Örneğin; Yunan ordularıyla yapılan muharebelerde, Afyon ve Kütahya gibi şehirlerin düşman eline geçmesi üzerine, TBMM’nin 23-30 Temmuz 1921 tarihli gizli oturumlarında Meclisin Ankara’dan Kayseri’ye taşınması gündeme geldi. Ancak Mehmet Akif ve Hasan Basri Çantay gibi birçok milletvekili bu fikre kesin olarak karşı çıktılar. “TBMM’nin eşiğinde ölür, buradan diri çıkmayız.” diyerek otuz dört mebus ortak bir önerge verdiler. Önergeyi Hasan Basri Çantay kaleme aldı ve Meclis’te bu önerge üzerine söz alarak konuştu. TBMM’nin sonuna kadar Ankara’da görev yapmasını önerdi ve bu teklif kabul gördü.[1]
Hasan Basri Çantay, 1. TBMM’nin feshedilmesinden sonra Balıkesir’de bir müddet öğretmenlik yaptı. Bunun yanında Millî Mücadele’de şehit düşenlerin yetim çocuklarının eğitimi için kurulan yetiştirme yurdunun müdürlüğünü yaptı. Şehitlerin emaneti olan yetimlerin iyi yetişmesi için gayret etti.
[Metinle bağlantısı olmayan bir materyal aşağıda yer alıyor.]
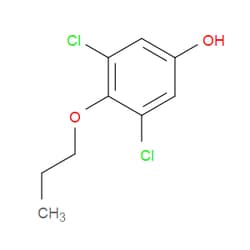 Aobchem&nbsp;3 5-Dichloro-4-propoxyphenol | ≥97% | CAS 1396173-86-6 | C9H10Cl2O2 | 1g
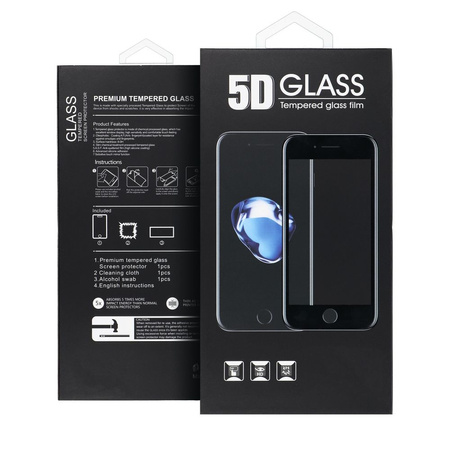 5D Full Glue Tempered Glass - do Honor 90 Pro czarny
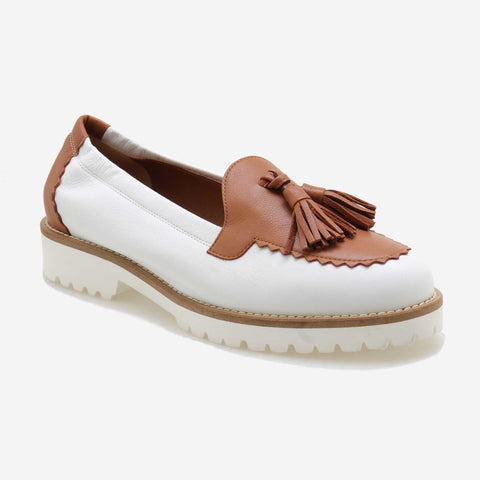 Two-tone moccasin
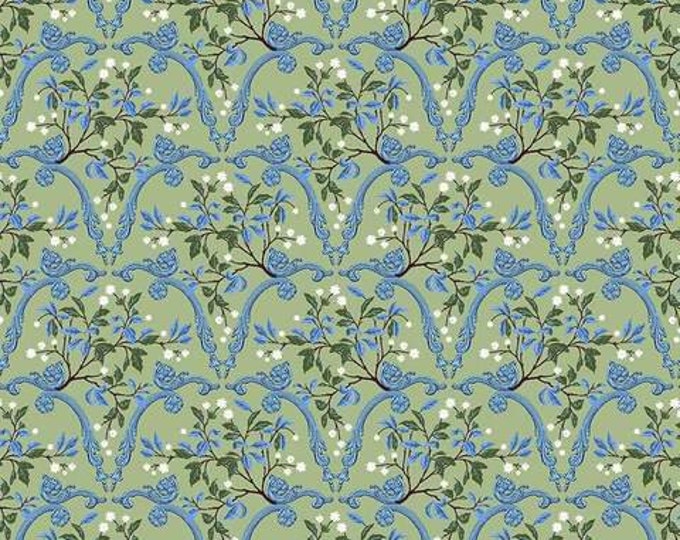 Jardin de la Reine by Odile Bailloeul for Free Spirit Fabrics - Fat quarter of Palace Arcades in Garden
Çeşitli gazetelerde yazılar yazmaya devam etti. 1928'de aşırı zihin yorgunluğundan dolayı hastalandı ve emekliye ayrıldı. Dinî, ilmî ve edebî faaliyetlerle meşgul oldu. Telif ve tercüme eserler meydana getir¬di. İslâm di¬ninin genç nesillere öğretilmesi için yazılar yazdı ve konferanslar verdi Hasan Basri Çantay, Millî Mücadele’de yapmış olduğu fedakar çalışmalar kendisine hatırlatıldığı zaman “Tefahüre (övünmeye) vesile aramadık, vazifemizi yapmaya çalıştık.” diyerek mütevaziliğini ortaya koymuştur..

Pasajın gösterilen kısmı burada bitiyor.